Attention Mechanism
The attention mechanism lets a model focus on different parts of its input when producing each part of the output. It is the core of transformer architectures and enables handling long sequences and rich context.
In Simple Terms
Think of it as a spotlight: for each word it generates, the model shines a light on the most relevant parts of the input.
Detailed Explanation
Instead of compressing everything into a fixed vector, attention computes weights over the input (e.g., which words matter for the current word). That allows the model to reference relevant context anywhere in the sequence. Variants include self-attention (within one sequence) and cross-attention (between two sequences). Attention is why modern LLMs can use long contexts and why they can appear to “focus” on specific passages. It is a key concept for understanding how transformers work.
Related Terms
Transformer
A transformer is a neural network architecture that uses attention to process sequences (e.g., text or tokens) in parallel rather than step-by-step.
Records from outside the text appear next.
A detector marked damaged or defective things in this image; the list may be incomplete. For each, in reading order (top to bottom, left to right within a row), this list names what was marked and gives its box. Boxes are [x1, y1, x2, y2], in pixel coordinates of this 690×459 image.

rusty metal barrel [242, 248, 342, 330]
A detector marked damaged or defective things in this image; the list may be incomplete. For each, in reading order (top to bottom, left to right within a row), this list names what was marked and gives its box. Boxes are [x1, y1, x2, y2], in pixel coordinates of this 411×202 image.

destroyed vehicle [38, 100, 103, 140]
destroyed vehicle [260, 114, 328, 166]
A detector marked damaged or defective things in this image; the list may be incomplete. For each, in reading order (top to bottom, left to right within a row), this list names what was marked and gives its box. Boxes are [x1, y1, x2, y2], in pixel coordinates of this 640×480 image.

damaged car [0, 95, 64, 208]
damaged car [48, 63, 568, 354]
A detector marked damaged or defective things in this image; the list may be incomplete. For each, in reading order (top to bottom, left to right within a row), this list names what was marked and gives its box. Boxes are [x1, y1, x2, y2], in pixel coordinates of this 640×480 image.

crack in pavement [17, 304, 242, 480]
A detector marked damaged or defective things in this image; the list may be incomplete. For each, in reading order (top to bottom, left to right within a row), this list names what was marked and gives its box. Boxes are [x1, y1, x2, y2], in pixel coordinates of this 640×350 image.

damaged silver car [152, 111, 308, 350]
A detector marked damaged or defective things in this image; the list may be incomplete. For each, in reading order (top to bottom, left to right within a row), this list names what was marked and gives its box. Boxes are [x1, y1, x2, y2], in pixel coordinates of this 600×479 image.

It underlies most large language models and many vision and multimodal systems.
Read moreFine-Tuning
Fine-tuning is training a pre-trained model on your own data so it gets better at specific tasks or styles while keeping its general abilities.
Read moreRetrieval-Augmented Generation (RAG)
RAG is a pattern where an AI model gets up-to-date or private information from a search step before answering, so answers are grounded in your data.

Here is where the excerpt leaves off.